Personal possessions that once belonged to a young naval officer who was part of a two-year expedition to the North Pole in 1875 are to be sold in a London auction this week.
On May 29, 1875, Captain Sir George Nares led an expedition on board the Discovery and the Alert to the Canadian arctic, with the intention of reaching the North Pole. On board HMS Discovery was a young naval officer named Reginald Baldwin Fulford, whose possessions have been passed by descent in his family, and have now been consigned for sale in Forum Auctions‘ Fine Books, Manuscripts and Works on Paper on September 26.
The expedition managed to reach the hitherto most northerly point in the Canadian arctic, and chartered almost 400km of unknown coastline. A party led by Cdr. A.H. Markham made an attempt to reach the pole, before turning back due to ice drift and rough conditions.
First of the eight lots in the sale is a superb photograph album compiled by the 24-year-old Lieutenant, comprising 56 albumen prints, many (if not all) of which are by Thomas Mitchell, the paymaster in H.M.S. Discovery.
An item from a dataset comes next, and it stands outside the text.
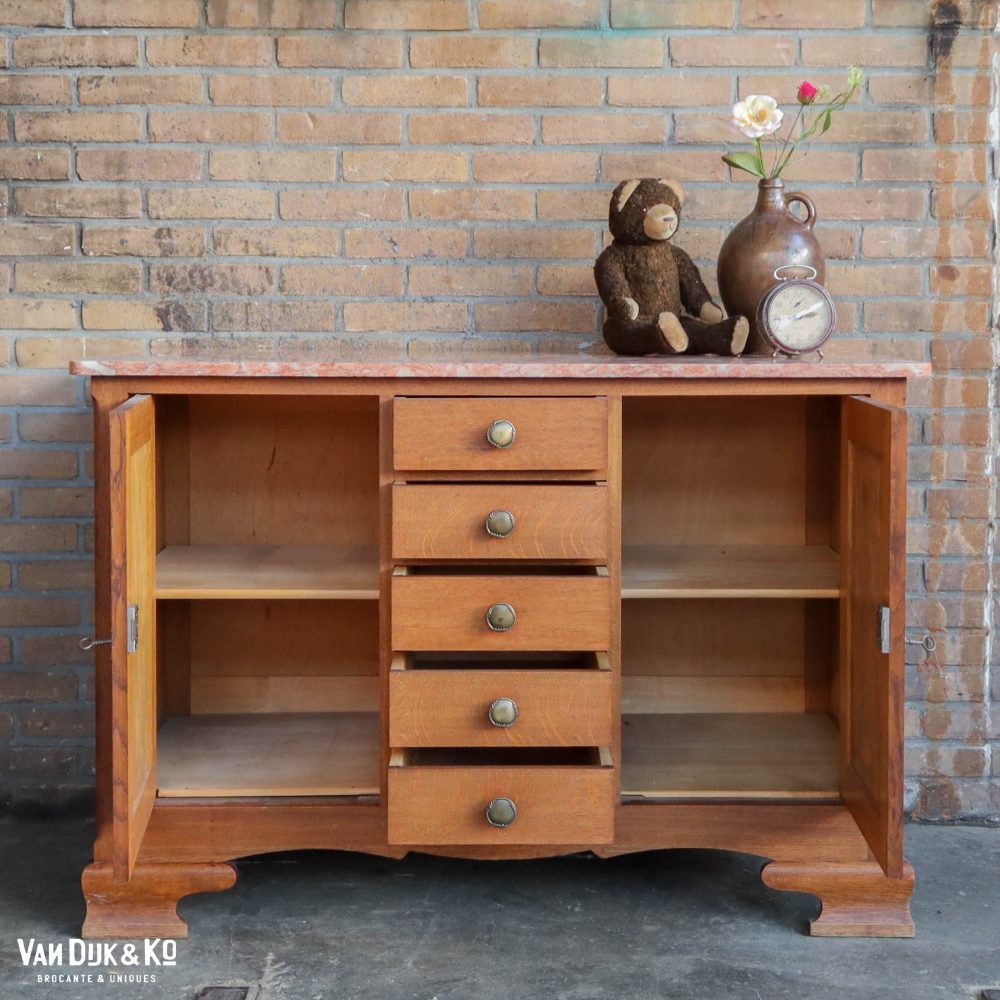 Vintage dressoir met marmeren blad - Afbeelding 3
An amateur photographer, Mitchell was trained at the request of Captain Nares at the Army School of Photography in Chatham especially for this expedition. The images include groups of ‘Eskimeau’ and native women and views of the ice-bound ships, sledging parties, the crew and their dogs etc. The lot carries an estimate of £3,000-4,000.
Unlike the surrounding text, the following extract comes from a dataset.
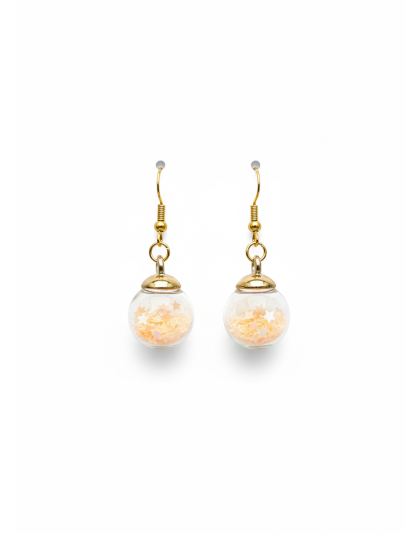 Orange Peach Ornament Dangling Earrings Supporting Awareness for Chronic Rare and Invisible Illnesses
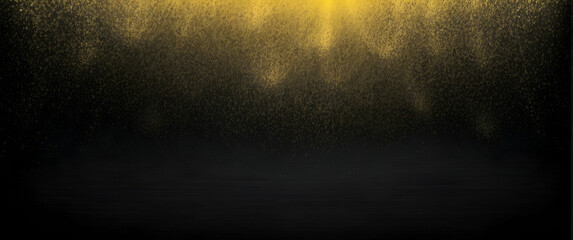 A golden central glow radiates from a textured black canvas creating a luxurious feel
The most highly priced item, and the most iconic, is the original sledge flag used by Fulford on his exploratory missions. The large metre-long blue silk swallowtail flag carries the rather apt embroidered legend ‘Bear up‘.
In Captain Sir George Nares’ own account of his expedition, published in 1878, he wrote: “On the 15th [July 1876] Lieutenant Fulford crossed Hall’s Basin from Polaris to Discovery Bay and found the ice stationary until he arrived within two miles of the west shore; there he came to broken-up ice in motion, across which he had difficulty in reaching the shore with his sledge crew.” This unique piece of polar ephemera is estimated to fetch £4,000-6,000.
Other personal effects include his snow glasses, which carry an estimate of £400-600; a tea cup and saucer plus coffee cup and saucer used in the British Arctic Expedition, estimated at £400-600; and the Arctic Medal, awarded to Fulford, estimated at £2,000-3,000.